This article is in the news archives --- for current news go to the Third Branch News.
Online Chat Improves Service to Public
Peruse the website of the U.S. Bankruptcy
Court for the District of Arizona and
you will find all kinds of information
for filers, from bankruptcy forms and publications,
to instructions on how to file. As
the on-line welcome notes, the court is
committed to providing "the greatest level of
public service, access and information."
That access also comes with a question—
and an invitation—on its webpage: "Have a
Question? Chat with Us Live!"
The Arizona Bankruptcy Court was the first
bankruptcy court in the nation to offer information
seekers the option of an on-line chat.
"The court started live chat several years
ago, as a result of a strategic plan initiative
to better inform and educate the
public," said Arizona Bankruptcy
Clerk of Court Brian D. Karth.
The U.S. Bankruptcy Court for
the District of New Mexico was
the second bankruptcy court
nationwide to offer visitors the
option of an on-line chat. Two
years ago, Bankruptcy Clerk of
Court Norman Meyer, with some
of his staff, attended a planning
seminar at which they identified
enhanced service to the public,
particularly for pro se filers, as a court goal.

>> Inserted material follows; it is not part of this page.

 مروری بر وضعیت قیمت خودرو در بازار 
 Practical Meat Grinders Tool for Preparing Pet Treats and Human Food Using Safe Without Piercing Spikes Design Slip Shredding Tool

The on-line chat was one in a range of
things to accomplish.
Meyer was familiar with live chat options,
as most Internet users are who have
purchased from on-line retailers, or perhaps
made an on-line appointment. He'd also
seen the Arizona bankruptcy court's chat
"You see them on retail websites all the
time," said Meyer. "I thought, 'Why don't we
Rather than voice messages, users send
and receive text messages. It's convenient and
immediate. Users are already on-line, and
texting in a chat becomes part of their
"If a paralegal is having trouble in the
electronic case files system, they can click
and have a chat with a representative who
will answer their question," said Meyer.
"You don't need someone assigned specifically
to the chat live. We already have a
staff member on call. A window appears
on their screen notifying them of a chat
request." The court's goal is to respond to a
chat request within 30 seconds.
Meyer sent a team to the Arizona
Bankruptcy Court to see how the chat line
worked, and the team also culled information
from state and county courts that
used the software behind live chat.
Mary A. Schott, Bankruptcy Clerk of
Court for the U.S. Bankruptcy Court for
the District of Nevada, also looked to the
Arizona and New Mexico bankruptcy
courts for inspiration. Schott's court will
go live with an on-line chat option in
"Our district is number one for per
capita filings in the country and at the top
for foreclosures," said Schott. "We have a
lot of attorneys with procedural questions
who've never handled a bankruptcy case
before. We have a lot of pro se filers. We
have so many people calling in, live chat is
another way for us to handle the requests
The hours the Nevada bankruptcy
court's live chat is available will be posted
on the website. During off hours, visitors
will be unable to click on the live chat
icon. That eliminates what might be a
frustrating wait for a response when the
service is unavailable.
"I was surprised at the number of
attorneys who use our live chat to ask
questions," said Karth. "This has been
particularly true in the past two years
as many real estate lawyers expand into
the field of bankruptcy law and have
questions as inexperienced practitioners.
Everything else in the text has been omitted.